Personal information
- Born: 17 December 1992 (age 33)

Sport
- Sport: Orienteering
- Club: Turun Metsänkävijät

Medal record
Representing Russia
Men's orienteering
World Championships
| Bronze medal – third place | 2014 Asiago-Lavarone | Mixed sprint relay |
| Bronze medal – third place | 2015 Inverness | Mixed sprint relay |
Junior World Championships
| Gold medal – first place | 2012 Košice | Sprint |
| Gold medal – first place | 2012 Košice | Relay |
| Bronze medal – third place | 2012 Košice | Long |
Men's ski-orienteering
Junior World Ski Orienteering Championships
| Gold medal – first place | 2011 Lillehammer | Sprint |
| Bronze medal – third place | 2011 Lillehammer | Long |

= Gleb Tikhonov =

Russian male orienteering competitor (born 1992)

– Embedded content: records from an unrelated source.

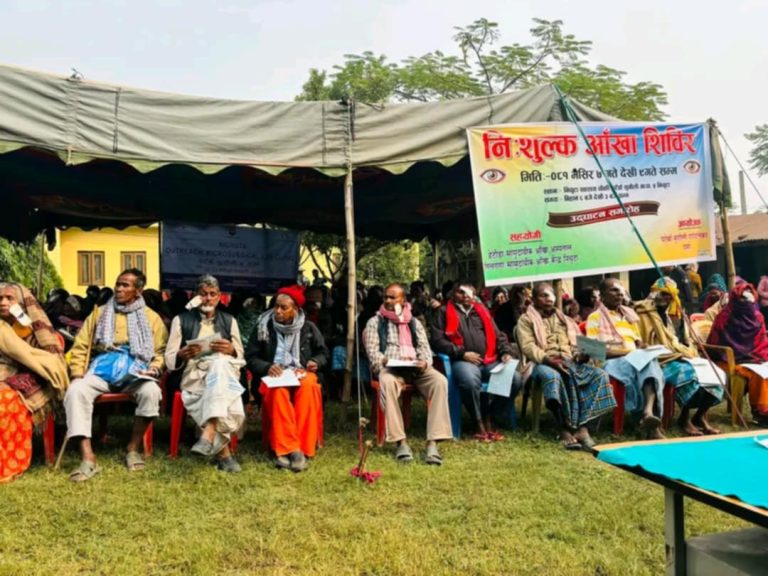 पटेर्वा सुगाैलीमा दुई सय ३० जनाकाे निशुल्का आँखाकाे शल्यक्रिया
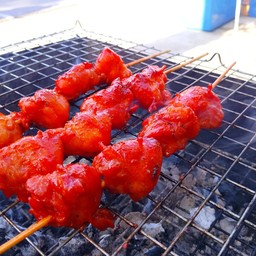 ตูดไก่เเดงย่าง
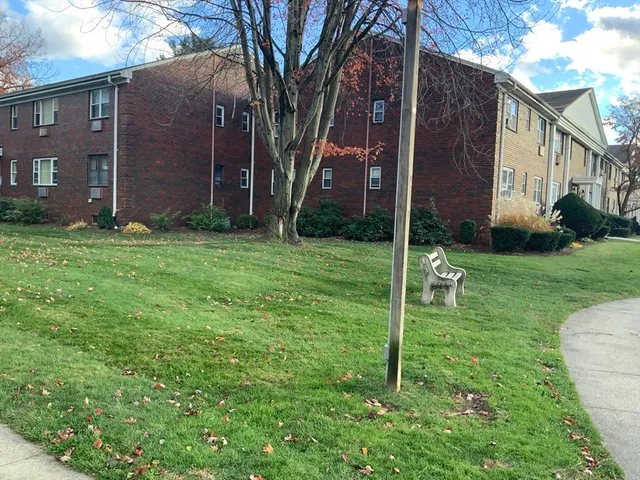 $169,900 | 109 Regency Park Drive, Unit 109, Agawam, MA 01001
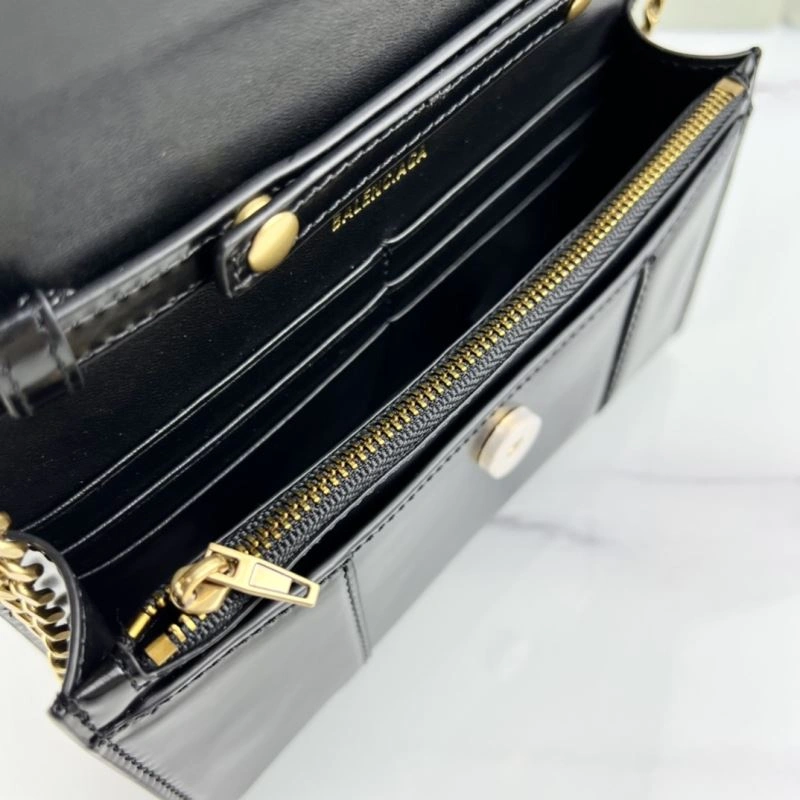 Balenciaga Hourglass Chain Crossbody Bag - Petite B-Shaped Elegance FashionForward 78645
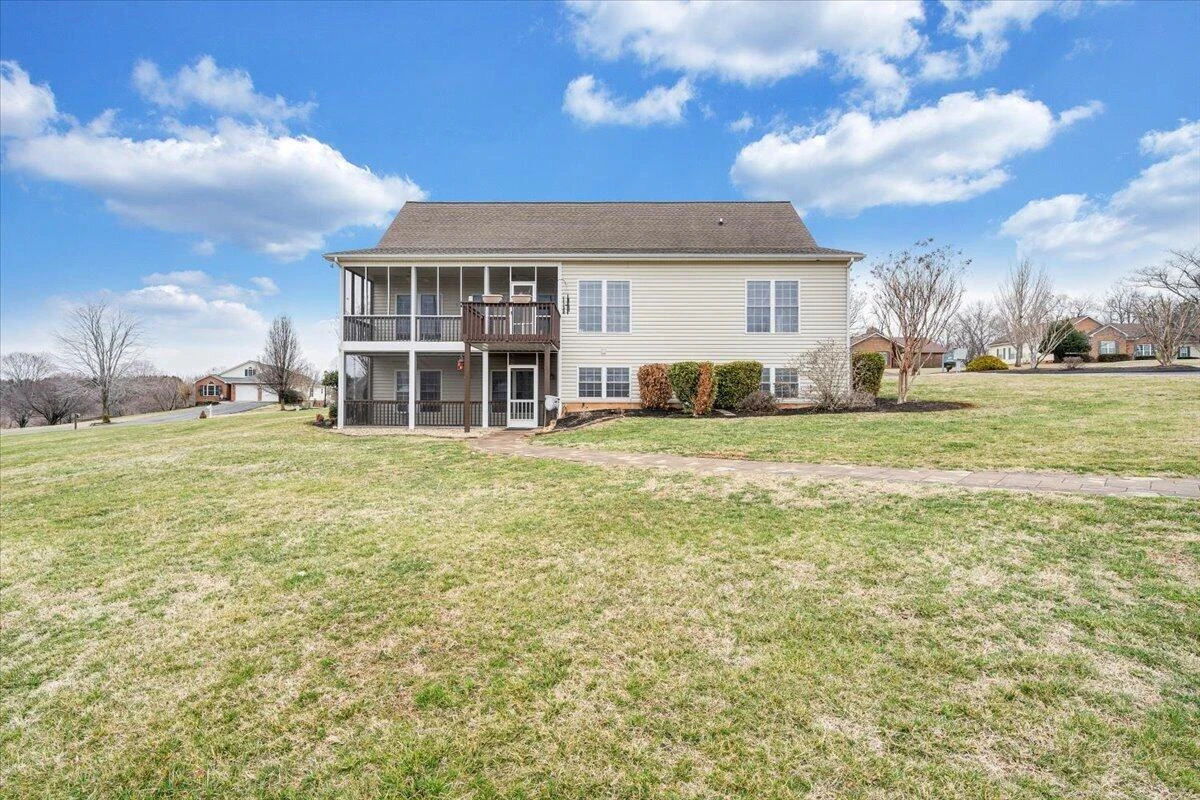 275 Chestnut Creek DR - Photo 79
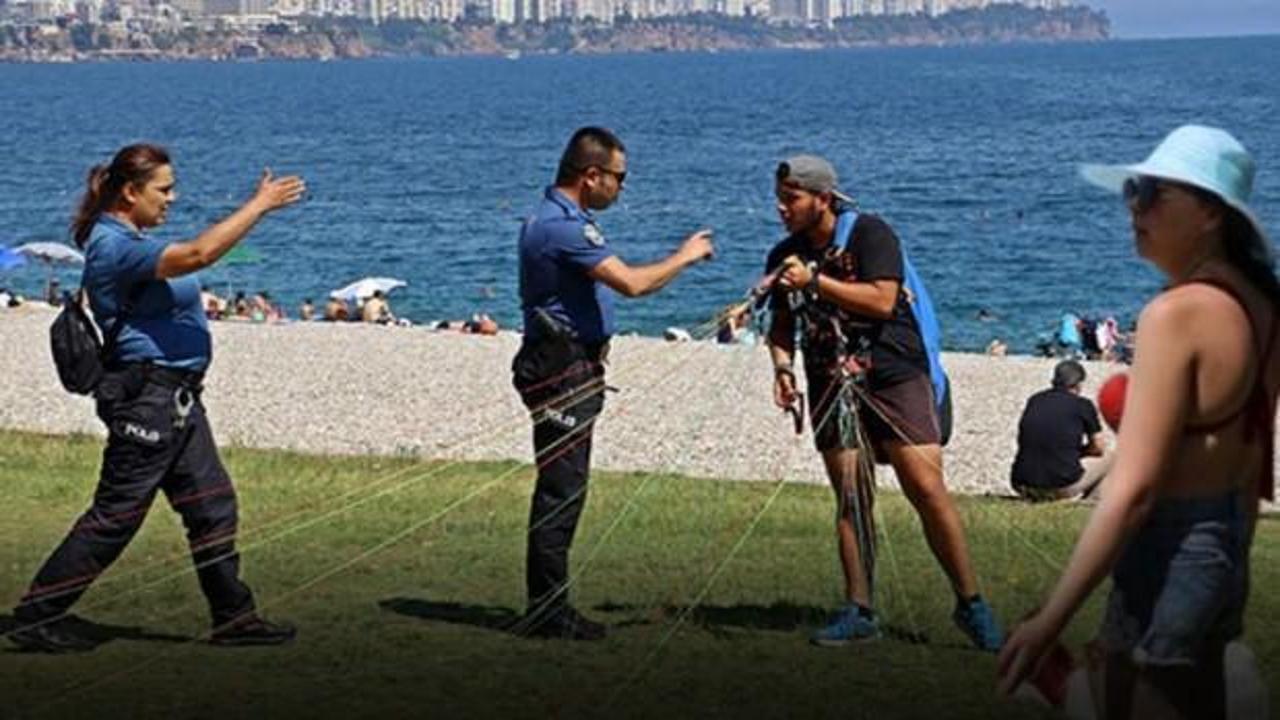 Turistin sorusu genci zor durumda bıraktı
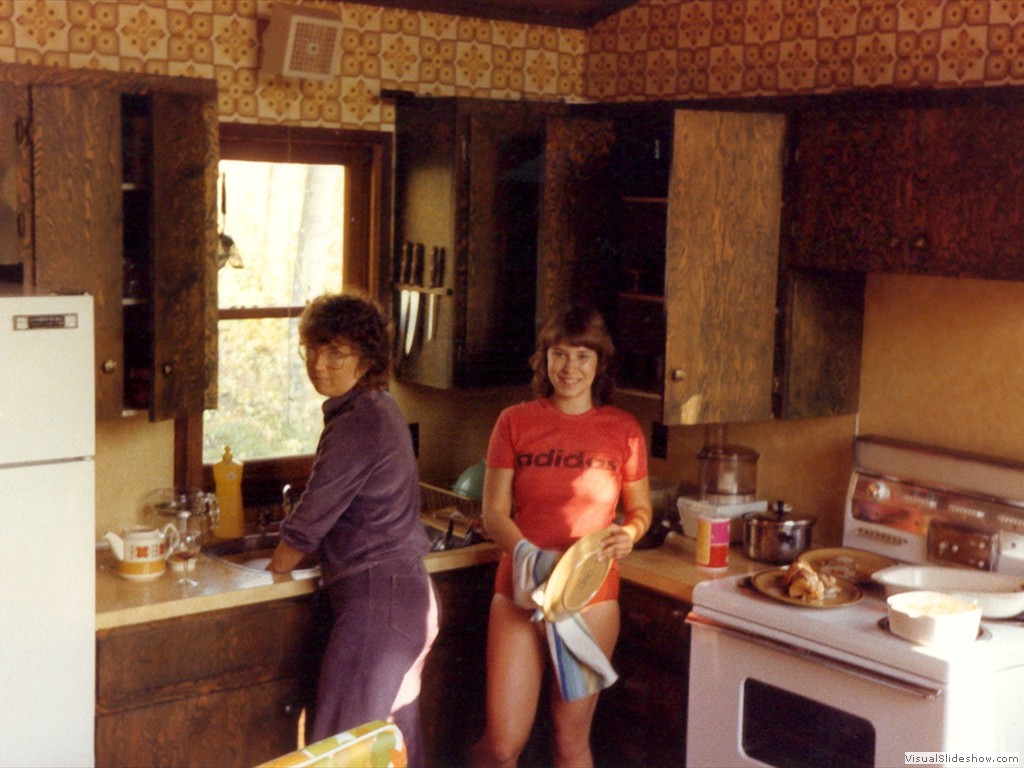 Kitchen slaves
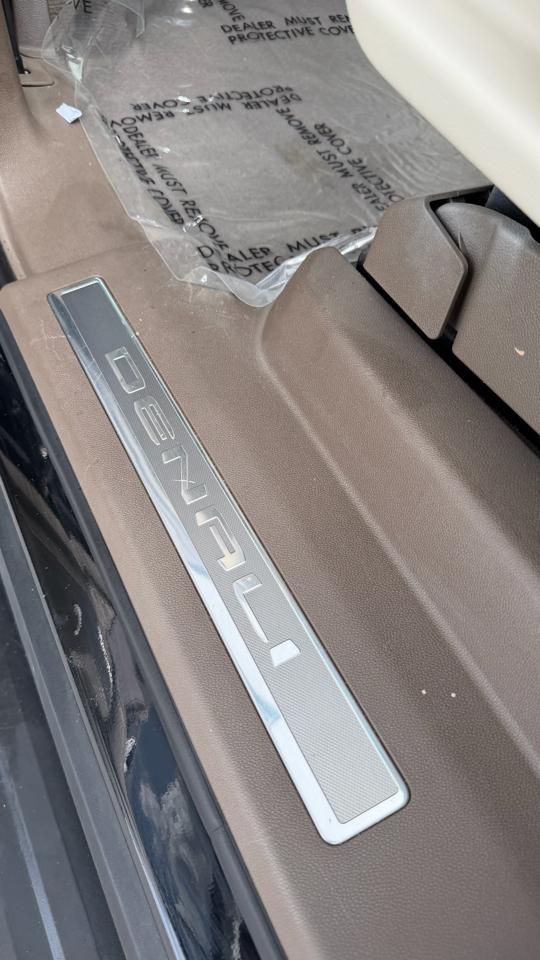 GMC Yukon XL 4WD 4dr Denali 2021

Gleb Tikhonov (born 1992) is a Russian-Finnish male orienteering competitor.

He is a two-time World Orienteering Championships bronze medalist in the mixed relay — in 2014 in Asiago-Lavarone and in 2015 in Inverness — with the Russian team. As a junior, he won a gold medal in the sprint and a bronze medal in the long distance at the 2011 Junior World Ski Orienteering Championships in Lillehammer, and a gold medal in the sprint and in the relay at the 2012 Junior World Championships in Košice. He is the only Russian male to have won individual gold medals at both SkiO And FootO Junior World Orienteering Championships.